Great Yarmouth Minster’s massive wooden door bursts open, and in dash children, with parents and carers in tow. It is a Thursday at 4.45 and the Choristers Club gathers to sign in. Volunteers – trained adult choir members – are ticking registers, serving simple refreshments and taking contact details from parents of newcomers. The air is full of excitement and enthusiasm.
At 5pm a chord strikes up on the piano, parents leave and the young teams of Cantoris and Decani dash into their places in the stalls to sing. It may be a church anthem or a pop hit from the musicals. Whatever it is – they pick up the music and dive in with enthusiasm, learning as they go.
The Choristers’ Club was set up by the Minster’s Director of Music Outreach, an experienced teacher and choirmaster, Martyn Marshall, after a year of ministry in the parish:
“We wanted to offer a regular social music club in the Minster for local youngsters – partly based on the existing work of the Minster’s Music Outreach project. I also hoped it might also bring in new singers for special events and re-invigorate the Minster choir.
“I took the plunge and personally visited several local primary schools, explaining what the Minster had to offer their young people in the way of music and community opportunities. I took assemblies at each school and left flyers for them. We had a few keen takers – 10 in the first week, and since then it’s really spread by word of mouth as young people and their families realise what a great opportunity it is.”
“I’m just amazed at how much my daughter has grown,” smiles one mum, “She’s really come into her own through singing.” One of the volunteers, Ian Dracup, echoes the sentiment with a grin, “I’m so impressed at their growing confidence – they all volunteer to sing solos now – it’s an example to the adult choir!”

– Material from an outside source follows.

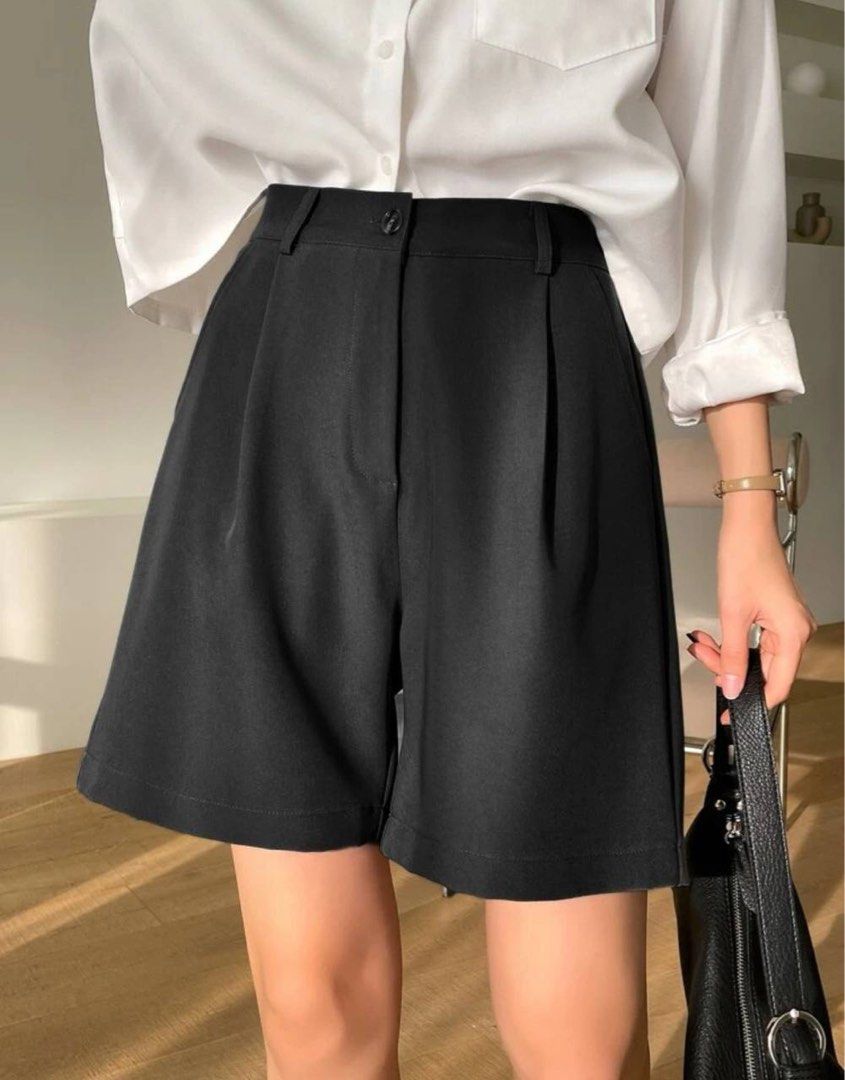 Plaid Print Pleated skirt size L, Women's Fashion, Bottoms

This growth in confidence is due in large part to the care and kindness that are a foundation of all the club activities. “The leaders and volunteers work hard to make this a safe place for children to flourish and find their voice,” says Team Vicar, Jemma Sander-Heys. “There is only encouragement in the rehearsals, and the children work hard but also socialise together regularly, which is really important, and we couldn’t do any of it without the support of the young people’s families.”
Perhaps most important for this new beginning has been the support of the existing Minster choir members as volunteers. Rosemarie Brown describes what it has meant to her:
“After my career as a midwife was cut short by a serious back injury many years ago, I lost all my confidence; singing gradually gave me a new lease of life. And though this was a challenge – being brave enough to come and help as a volunteer – it is such a joy to see the children’s delight in music, their focus, and how they grow in confidence. It’s been lovely, feeling of use again – a new beginning for us all!”